EXERCISE PROMPT: Would you please return the lines of the entries below starting at the line that has "Mini Elektrischer Keramik-Heizlüfter" and ending at the line that has "Vista 2 de HQRP", both included, exactly as they are?

Short text fragments from websites:
== Segment start ==
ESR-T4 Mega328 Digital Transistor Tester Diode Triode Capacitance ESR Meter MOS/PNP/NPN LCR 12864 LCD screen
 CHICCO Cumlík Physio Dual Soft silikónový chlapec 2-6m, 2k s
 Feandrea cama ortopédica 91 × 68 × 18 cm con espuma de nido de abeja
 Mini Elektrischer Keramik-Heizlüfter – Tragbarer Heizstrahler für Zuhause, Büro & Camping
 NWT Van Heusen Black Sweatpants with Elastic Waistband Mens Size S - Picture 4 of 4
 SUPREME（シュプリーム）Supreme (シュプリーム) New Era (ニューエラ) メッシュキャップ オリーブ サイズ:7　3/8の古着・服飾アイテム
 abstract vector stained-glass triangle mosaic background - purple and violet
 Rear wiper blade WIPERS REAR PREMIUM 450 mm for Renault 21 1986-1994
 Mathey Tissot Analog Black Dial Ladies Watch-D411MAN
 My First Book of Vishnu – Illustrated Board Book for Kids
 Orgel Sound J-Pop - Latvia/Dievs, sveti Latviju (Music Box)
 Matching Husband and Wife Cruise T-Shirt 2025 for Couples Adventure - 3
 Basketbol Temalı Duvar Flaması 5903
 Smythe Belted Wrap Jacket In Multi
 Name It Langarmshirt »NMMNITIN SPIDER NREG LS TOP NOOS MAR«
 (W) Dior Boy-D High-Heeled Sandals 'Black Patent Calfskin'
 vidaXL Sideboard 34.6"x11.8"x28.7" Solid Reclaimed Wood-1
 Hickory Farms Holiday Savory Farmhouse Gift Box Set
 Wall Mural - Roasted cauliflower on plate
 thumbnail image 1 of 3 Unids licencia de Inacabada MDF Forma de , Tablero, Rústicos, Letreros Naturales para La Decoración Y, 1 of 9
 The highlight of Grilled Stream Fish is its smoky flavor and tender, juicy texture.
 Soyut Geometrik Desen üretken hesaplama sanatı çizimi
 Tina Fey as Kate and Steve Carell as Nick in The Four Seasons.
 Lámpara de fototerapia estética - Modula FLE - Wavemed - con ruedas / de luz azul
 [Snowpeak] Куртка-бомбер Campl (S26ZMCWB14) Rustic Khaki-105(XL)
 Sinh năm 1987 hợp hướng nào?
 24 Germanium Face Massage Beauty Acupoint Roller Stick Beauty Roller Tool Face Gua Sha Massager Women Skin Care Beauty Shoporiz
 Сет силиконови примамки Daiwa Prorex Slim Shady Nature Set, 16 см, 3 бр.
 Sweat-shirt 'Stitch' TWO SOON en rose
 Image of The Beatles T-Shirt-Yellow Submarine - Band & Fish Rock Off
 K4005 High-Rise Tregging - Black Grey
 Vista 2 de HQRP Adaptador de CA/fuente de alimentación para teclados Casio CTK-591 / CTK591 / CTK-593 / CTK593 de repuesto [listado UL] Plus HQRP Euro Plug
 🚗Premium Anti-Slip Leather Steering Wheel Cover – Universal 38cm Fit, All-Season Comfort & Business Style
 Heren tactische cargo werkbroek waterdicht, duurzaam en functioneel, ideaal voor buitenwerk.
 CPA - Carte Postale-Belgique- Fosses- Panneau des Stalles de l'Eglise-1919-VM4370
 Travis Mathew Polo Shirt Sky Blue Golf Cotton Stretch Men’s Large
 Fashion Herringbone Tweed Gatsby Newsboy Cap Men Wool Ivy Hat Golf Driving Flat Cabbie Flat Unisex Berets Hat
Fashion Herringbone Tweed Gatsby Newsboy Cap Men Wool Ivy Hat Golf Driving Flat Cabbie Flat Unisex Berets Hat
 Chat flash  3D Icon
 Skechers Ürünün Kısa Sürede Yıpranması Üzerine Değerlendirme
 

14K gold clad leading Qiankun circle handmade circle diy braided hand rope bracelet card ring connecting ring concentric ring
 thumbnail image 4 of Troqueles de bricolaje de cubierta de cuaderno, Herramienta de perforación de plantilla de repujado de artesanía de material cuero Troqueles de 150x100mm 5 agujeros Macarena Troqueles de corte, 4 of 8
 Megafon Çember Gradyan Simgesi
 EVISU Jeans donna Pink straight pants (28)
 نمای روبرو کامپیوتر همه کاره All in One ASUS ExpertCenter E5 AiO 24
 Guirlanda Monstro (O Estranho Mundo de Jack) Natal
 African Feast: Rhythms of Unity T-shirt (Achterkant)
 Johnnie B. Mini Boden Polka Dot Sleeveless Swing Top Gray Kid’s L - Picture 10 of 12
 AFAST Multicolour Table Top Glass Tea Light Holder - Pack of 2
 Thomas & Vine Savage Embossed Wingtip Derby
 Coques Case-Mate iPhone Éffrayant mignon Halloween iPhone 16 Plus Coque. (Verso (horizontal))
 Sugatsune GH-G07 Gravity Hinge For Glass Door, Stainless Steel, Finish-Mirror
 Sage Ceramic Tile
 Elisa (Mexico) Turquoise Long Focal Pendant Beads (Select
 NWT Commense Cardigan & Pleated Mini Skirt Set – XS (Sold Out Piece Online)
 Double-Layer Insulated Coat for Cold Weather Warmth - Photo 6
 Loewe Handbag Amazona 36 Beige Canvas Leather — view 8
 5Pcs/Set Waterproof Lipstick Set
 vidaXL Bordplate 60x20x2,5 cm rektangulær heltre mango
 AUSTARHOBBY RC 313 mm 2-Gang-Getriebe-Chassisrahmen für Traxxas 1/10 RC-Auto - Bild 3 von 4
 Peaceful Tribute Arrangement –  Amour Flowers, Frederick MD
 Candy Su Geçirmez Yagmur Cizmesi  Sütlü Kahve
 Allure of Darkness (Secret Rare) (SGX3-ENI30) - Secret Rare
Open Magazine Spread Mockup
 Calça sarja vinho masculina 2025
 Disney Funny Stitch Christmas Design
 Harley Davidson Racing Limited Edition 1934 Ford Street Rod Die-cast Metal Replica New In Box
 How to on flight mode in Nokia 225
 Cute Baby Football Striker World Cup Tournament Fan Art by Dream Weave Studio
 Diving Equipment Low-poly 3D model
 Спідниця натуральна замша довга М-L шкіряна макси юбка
== Segment end ==
ANSWER BELOW:
 Mini Elektrischer Keramik-Heizlüfter – Tragbarer Heizstrahler für Zuhause, Büro & Camping
 NWT Van Heusen Black Sweatpants with Elastic Waistband Mens Size S - Picture 4 of 4
 SUPREME（シュプリーム）Supreme (シュプリーム) New Era (ニューエラ) メッシュキャップ オリーブ サイズ:7　3/8の古着・服飾アイテム
 abstract vector stained-glass triangle mosaic background - purple and violet
 Rear wiper blade WIPERS REAR PREMIUM 450 mm for Renault 21 1986-1994
 Mathey Tissot Analog Black Dial Ladies Watch-D411MAN
 My First Book of Vishnu – Illustrated Board Book for Kids
 Orgel Sound J-Pop - Latvia/Dievs, sveti Latviju (Music Box)
 Matching Husband and Wife Cruise T-Shirt 2025 for Couples Adventure - 3
 Basketbol Temalı Duvar Flaması 5903
 Smythe Belted Wrap Jacket In Multi
 Name It Langarmshirt »NMMNITIN SPIDER NREG LS TOP NOOS MAR«
 (W) Dior Boy-D High-Heeled Sandals 'Black Patent Calfskin'
 vidaXL Sideboard 34.6"x11.8"x28.7" Solid Reclaimed Wood-1
 Hickory Farms Holiday Savory Farmhouse Gift Box Set
 Wall Mural - Roasted cauliflower on plate
 thumbnail image 1 of 3 Unids licencia de Inacabada MDF Forma de , Tablero, Rústicos, Letreros Naturales para La Decoración Y, 1 of 9
 The highlight of Grilled Stream Fish is its smoky flavor and tender, juicy texture.
 Soyut Geometrik Desen üretken hesaplama sanatı çizimi
 Tina Fey as Kate and Steve Carell as Nick in The Four Seasons.
 Lámpara de fototerapia estética - Modula FLE - Wavemed - con ruedas / de luz azul
 [Snowpeak] Куртка-бомбер Campl (S26ZMCWB14) Rustic Khaki-105(XL)
 Sinh năm 1987 hợp hướng nào?
 24 Germanium Face Massage Beauty Acupoint Roller Stick Beauty Roller Tool Face Gua Sha Massager Women Skin Care Beauty Shoporiz
 Сет силиконови примамки Daiwa Prorex Slim Shady Nature Set, 16 см, 3 бр.
 Sweat-shirt 'Stitch' TWO SOON en rose
 Image of The Beatles T-Shirt-Yellow Submarine - Band & Fish Rock Off
 K4005 High-Rise Tregging - Black Grey
 Vista 2 de HQRP Adaptador de CA/fuente de alimentación para teclados Casio CTK-591 / CTK591 / CTK-593 / CTK593 de repuesto [listado UL] Plus HQRP Euro Plug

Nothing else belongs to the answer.